Maybe I’m missing the powerful undertow on Snapchat, but I see no signs of a Singh tsunami.
This is where Singh’s youth and multicultural pizzazz were supposed to help. Instead of projecting a fighting spirit after the byelection defeats, he tweeted out some warmed-up Deepak Chopra nonsense about each of us having “an inherent self-worth.” I don’t know about you, but I prefer my leader to know when he’s been smoked. Then again, the NDP are traditionally big on unilateral disarmament.
If the NDP are to replace the Liberals as the lefties of choice, they’ll need coherence on the economy. Sadly, this is where Singh has soiled himself most comprehensively.
In the space of just one answer, Singh said he “firmly believes in a progressive tax system,” in which “those who are able to invest their fair share” are able to do so (?), before moving on to say he doesn’t have a “firm line” on balanced budgets, before then claiming to want a
“robust budget” that’s balanced.
Because I like to see a competitive three-way race in Canadian politics, and because one is required for the Conservatives to ever again form government, I offer Singh and his band of tweeters a few suggestions.
Pick a story and stick to it.

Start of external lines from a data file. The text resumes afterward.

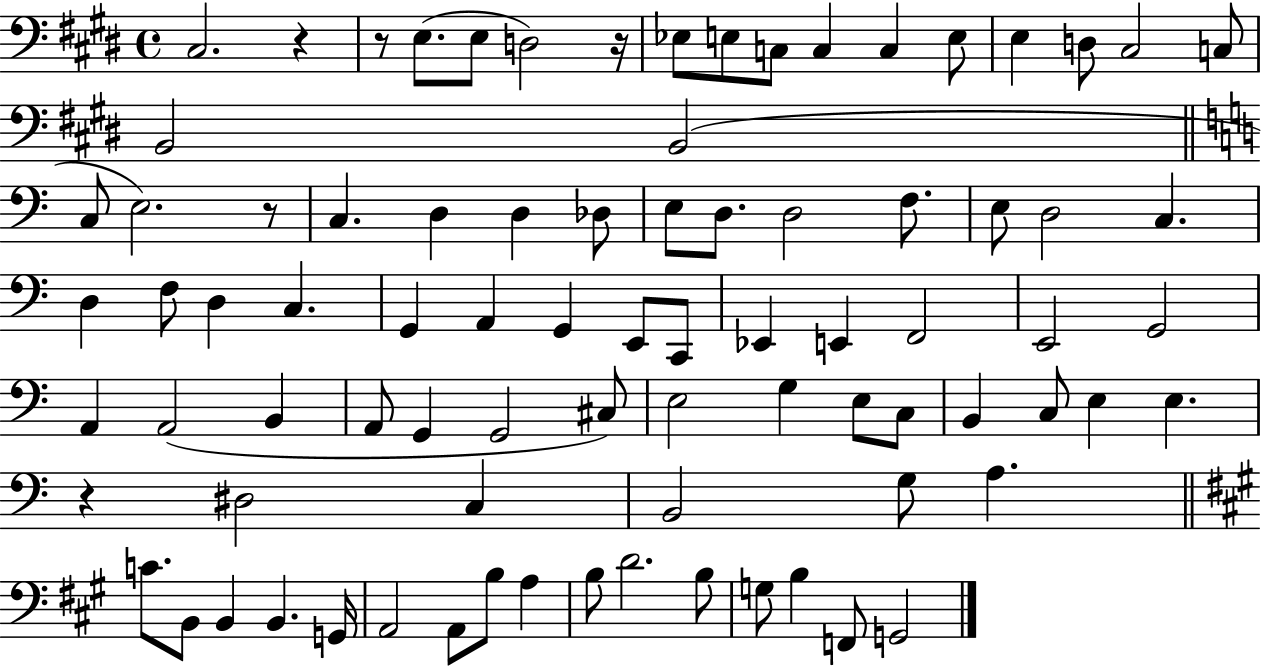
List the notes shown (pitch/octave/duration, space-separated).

C#3/h. R/q R/e E3/e. E3/e D3/h R/s Eb3/e E3/e C3/e C3/q C3/q E3/e E3/q D3/e C#3/h C3/e B2/h B2/h C3/e E3/h. R/e C3/q. D3/q D3/q Db3/e E3/e D3/e. D3/h F3/e. E3/e D3/h C3/q. D3/q F3/e D3/q C3/q. G2/q A2/q G2/q E2/e C2/e Eb2/q E2/q F2/h E2/h G2/h A2/q A2/h B2/q A2/e G2/q G2/h C#3/e E3/h G3/q E3/e C3/e B2/q C3/e E3/q E3/q. R/q D#3/h C3/q B2/h G3/e A3/q. C4/e. B2/e B2/q B2/q. G2/s A2/h A2/e B3/e A3/q B3/e D4/h. B3/e G3/e B3/q F2/e G2/h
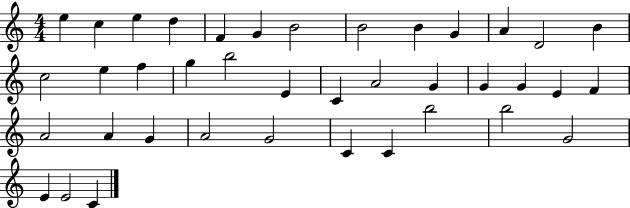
{
  \clef treble
  \numericTimeSignature
  \time 4/4
  \key c \major
  e''4 c''4 e''4 d''4 | f'4 g'4 b'2 | b'2 b'4 g'4 | a'4 d'2 b'4 | \break c''2 e''4 f''4 | g''4 b''2 e'4 | c'4 a'2 g'4 | g'4 g'4 e'4 f'4 | \break a'2 a'4 g'4 | a'2 g'2 | c'4 c'4 b''2 | b''2 g'2 | \break e'4 e'2 c'4 | \bar "|."
}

Trudeau went hard with change in 2015 and it did the trick, mostly because the Conservatives were out of steam. For the NDP, something about the many over the few might work, given Trudeau’s penchant for and hanging out in the upper echelons of 1%.
Get better at telling it. Watching Singh trip over his own tongue reciting his pie-in-the-sky promises reminded me of a student council president.
Presentation matters. Stop talking with your hands, slow yourself down, hone your message and stop wearing the three-piece suits. It makes you look alien, not approachable. There’s a reason Trudeau always has his shirtsleeves rolled up.
Never answer a hypothetical. Will you work with the Tories? “I look forward to having a constructive relationship with the opposition when we form our majority government.”
And get in the House of Commons. It doesn’t mean you need to be there every day, but avoiding a byelection fight isn’t the way to convince people you’re up for taking Trudeau down.